## Required work
I need every line from the start of the material below up to and including the line containing "Wide Leg Pants Polka Dot - Taupe", restated exactly, with the pictures omitted.

-- Supplied records follows --

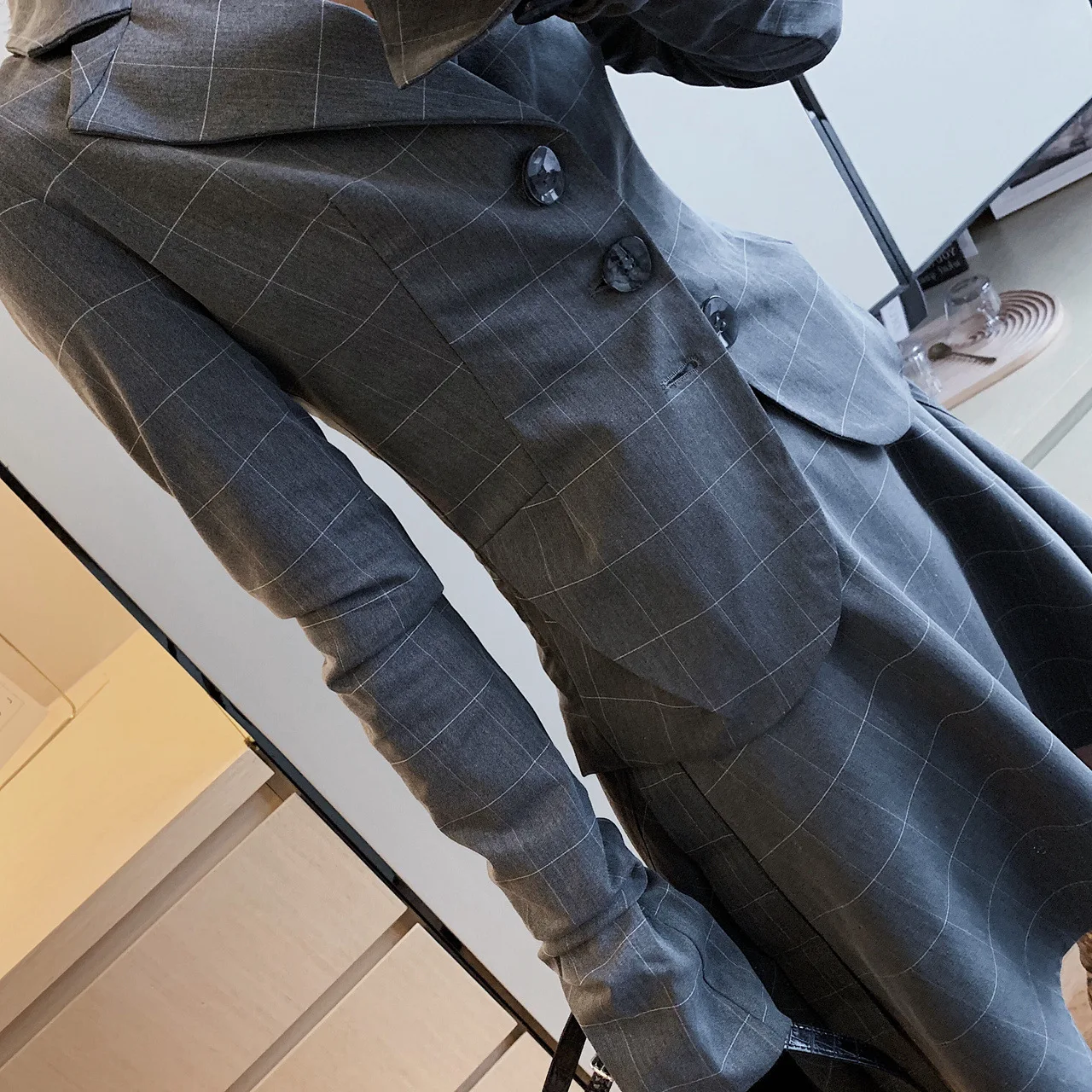 T3746 Spring Clothing New Style Coat Casual Plaid Small Suit Women's Long-Sleeve Fold-down Collar Pattern Slimming Suit Wom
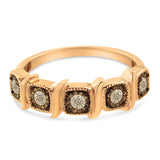 10K Rose Gold Flashed .925 Sterling Silver Miracle-Set 1/4 Cttw Diamond 5-Stone Band Ring  (J-K Color, I1-I2 Clarity)-3 thumbnail 4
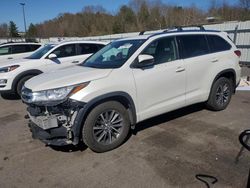 Salvage cars for sale at Assonet, MA auction: 2017 Toyota Highlander SE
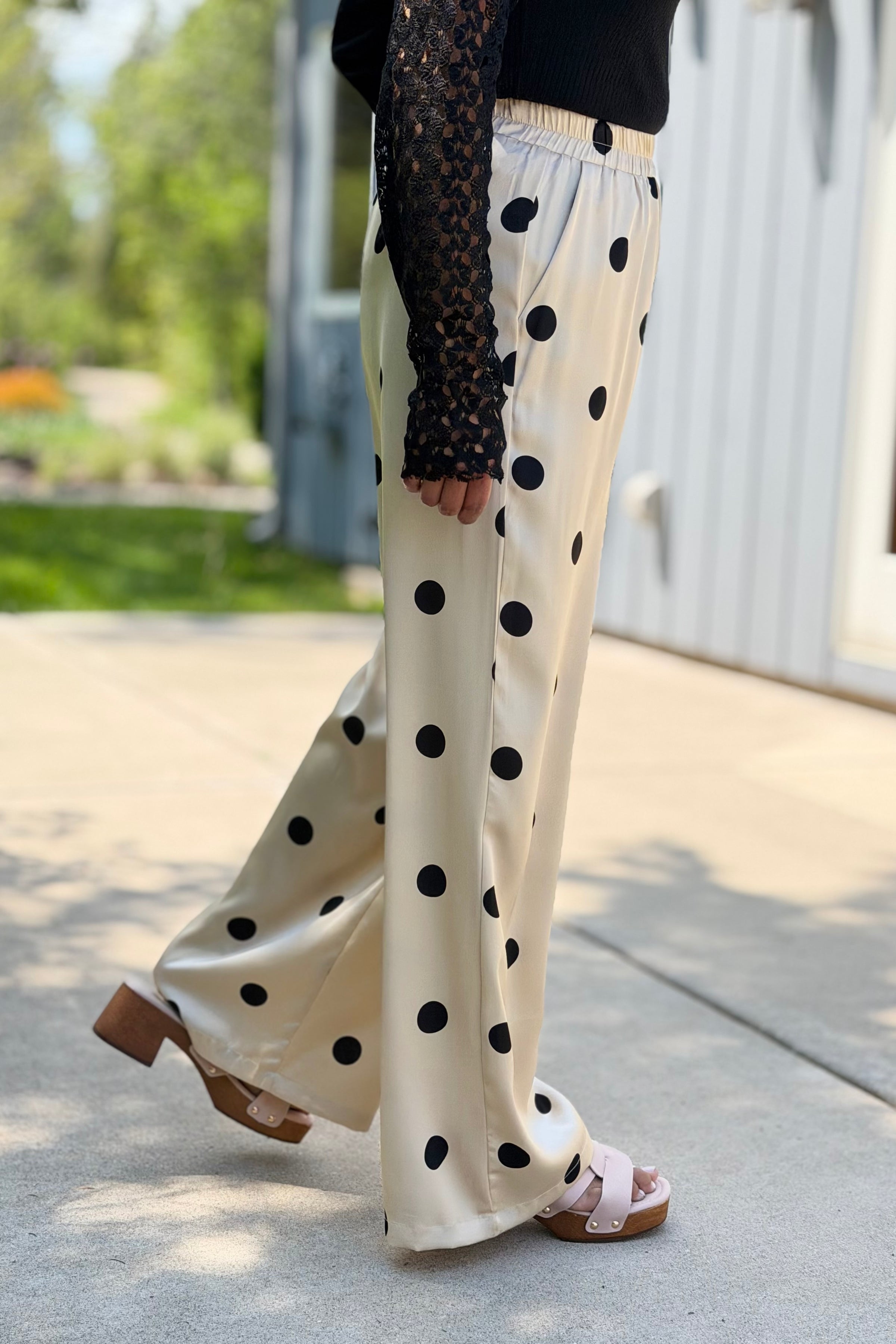 Wide Leg Pants Polka Dot - Taupe
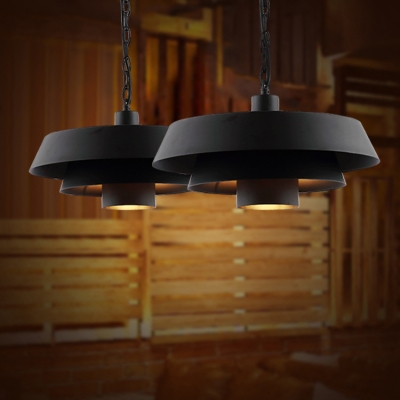 Rustic Barn Pendant Light Metal Single Light Length Adjustable Black Ceiling Light with 16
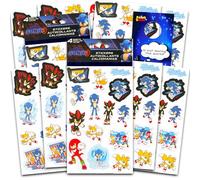 Deluxe Sonic the Hedgehog Stickers Bundle, 8 Sheets | Sonic 3 Stickers for Kids Birthday Party Favor Goodie Bags | Sonic Party Supplies Set for Boys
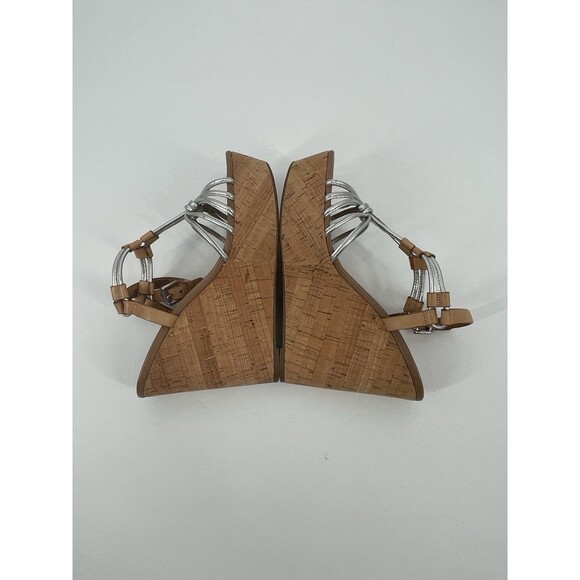 Coach Georgiana Womens Wedge Sandal Metallic Strappy Leather Platform Cork 6.5 - Picture 6 of 14
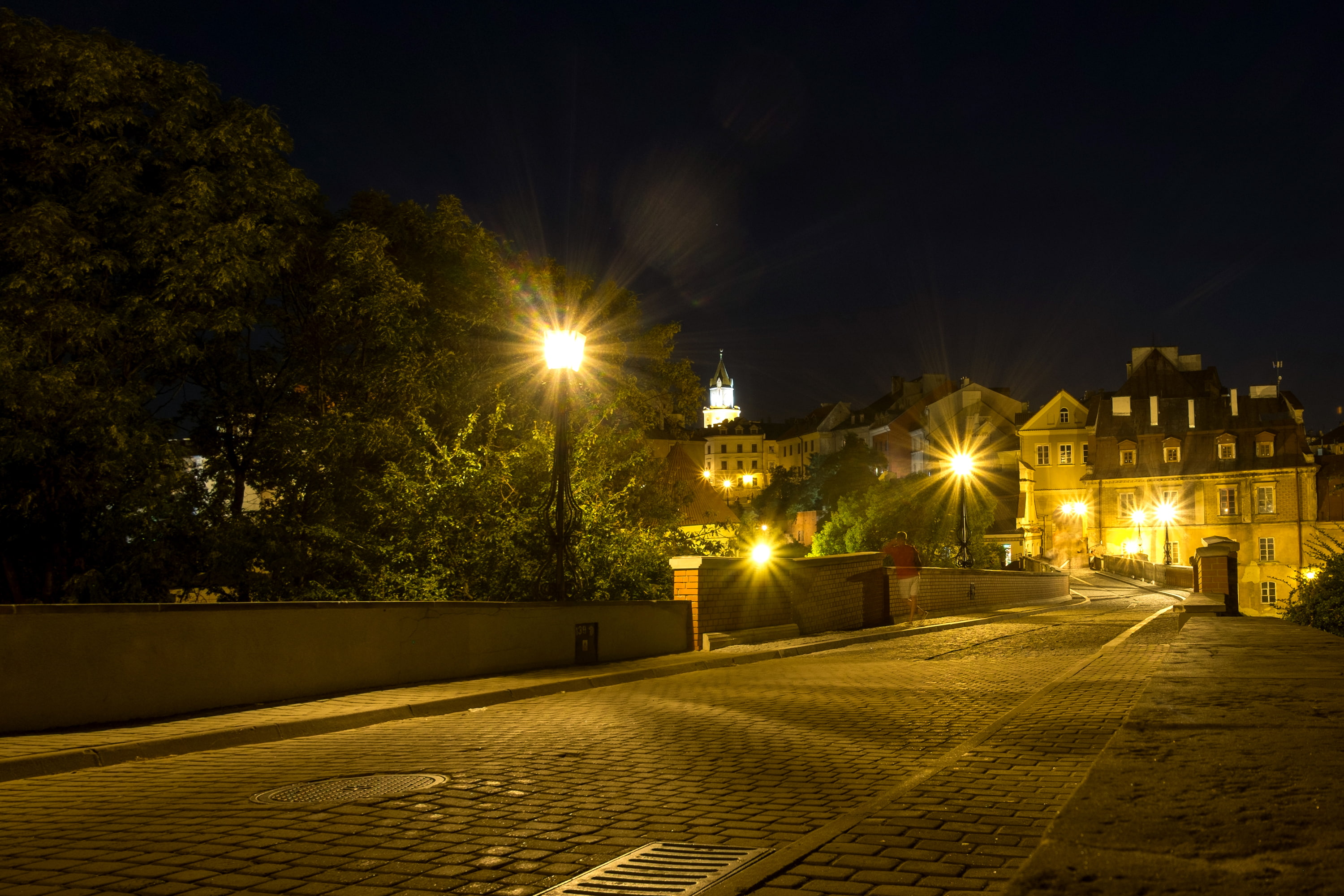 trees, Poland, bridge, night, road, Lublin, home, 2K, lights, HD Wallpaper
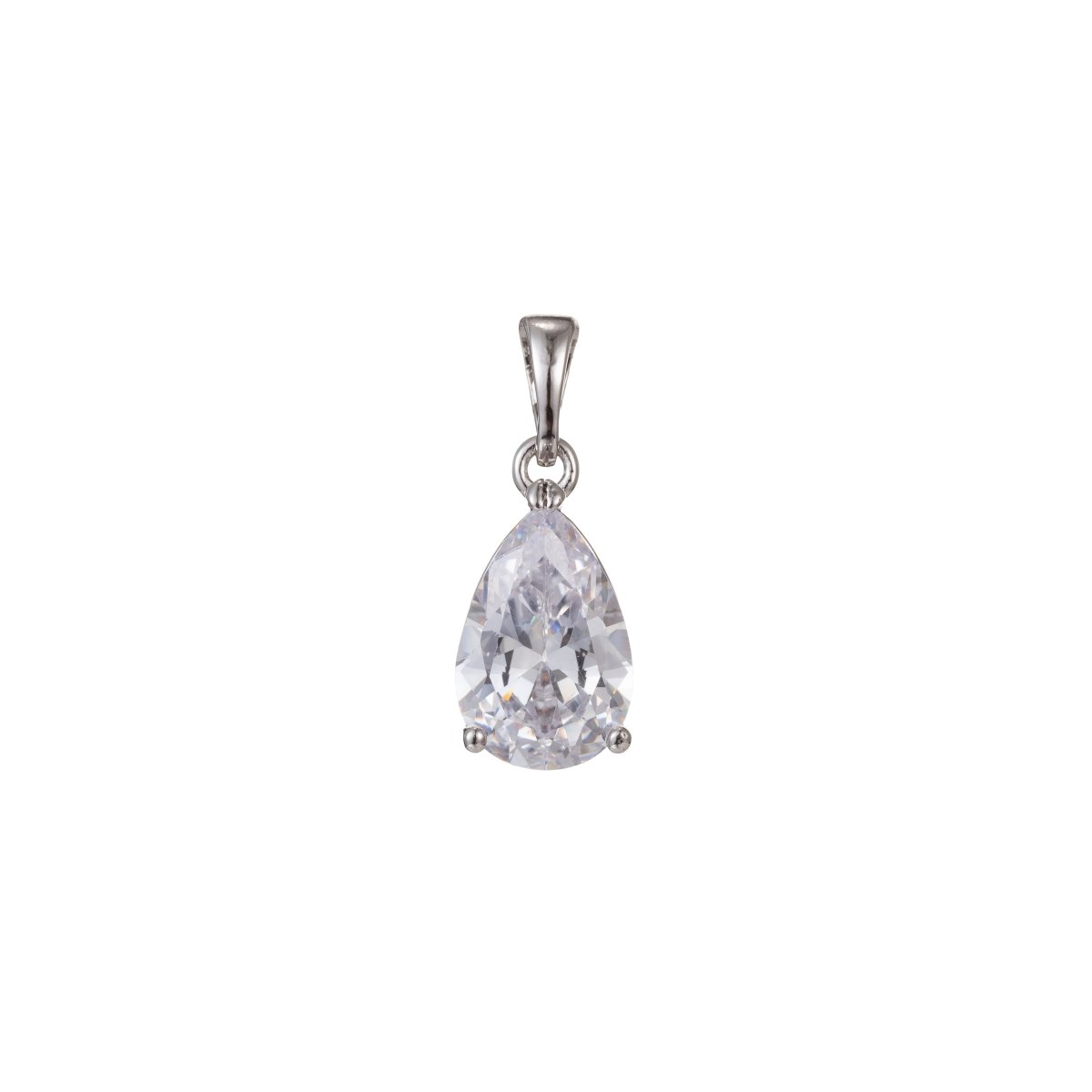 White Gold plated 20mm Clear CZ Teardrop Bezel Pendant | I466 - DLUXCA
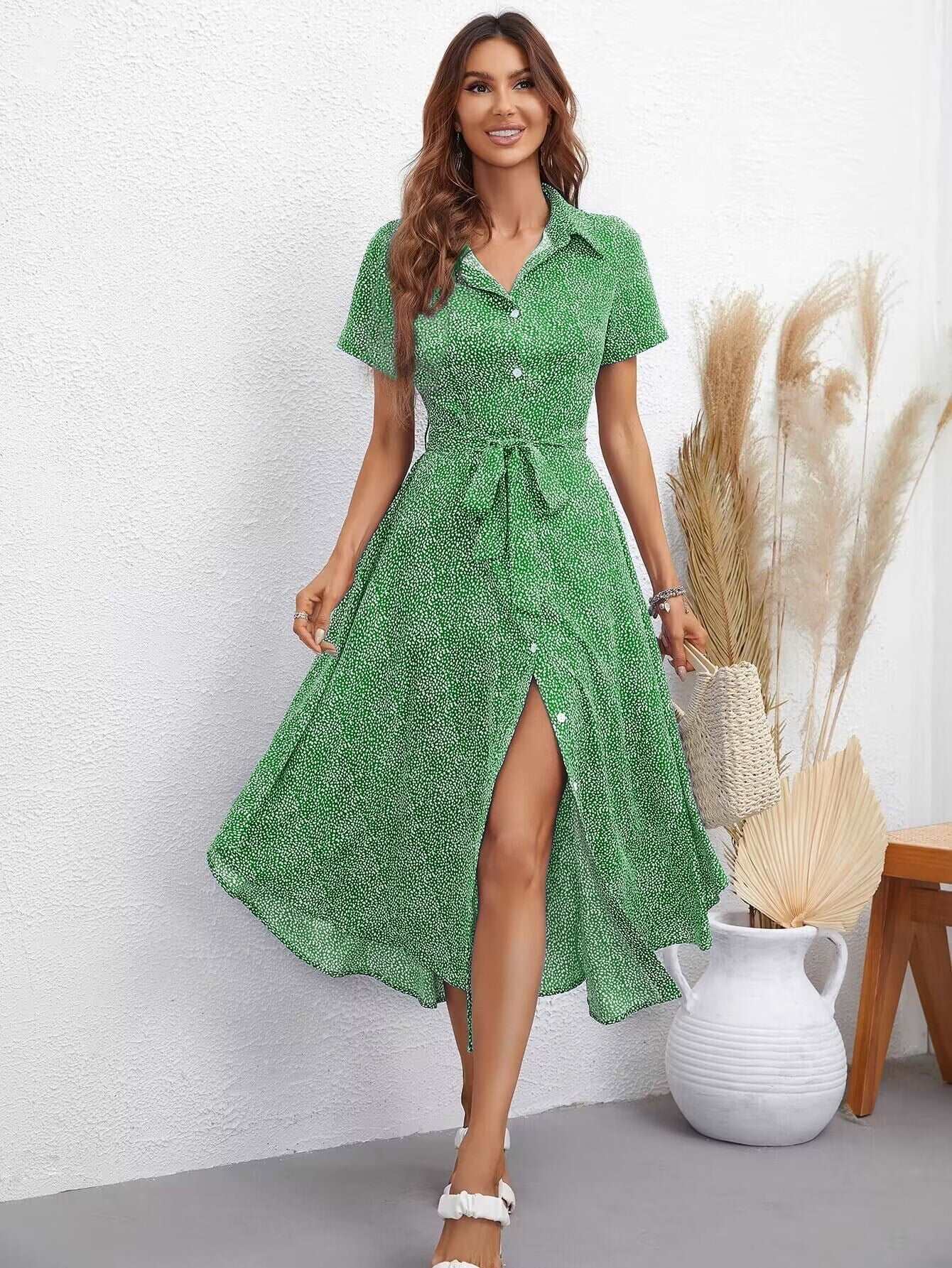 Chic Printed Short Sleeve Collared Midi Dress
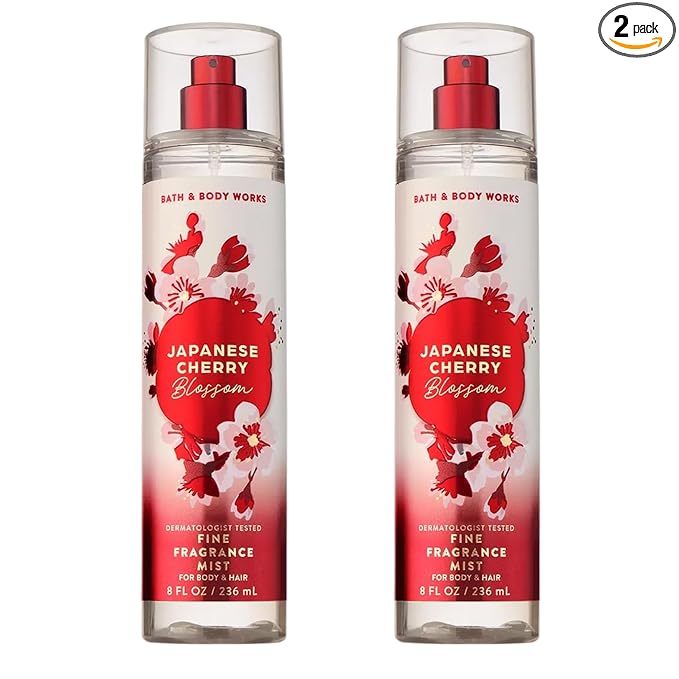 Bath & Body Works Japanese Cherry Blossom Fine Fragrance Mist, Body Spray & Perfume for Women, Long-Lasting Personal Fragrance, Iconic Floral Scent, 8 fl oz - 2 Pack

-- Supplied records concluded --

## Task response
 T3746 Spring Clothing New Style Coat Casual Plaid Small Suit Women's Long-Sleeve Fold-down Collar Pattern Slimming Suit Wom
 10K Rose Gold Flashed .925 Sterling Silver Miracle-Set 1/4 Cttw Diamond 5-Stone Band Ring  (J-K Color, I1-I2 Clarity)-3 thumbnail 4
 Salvage cars for sale at Assonet, MA auction: 2017 Toyota Highlander SE
 Wide Leg Pants Polka Dot - Taupe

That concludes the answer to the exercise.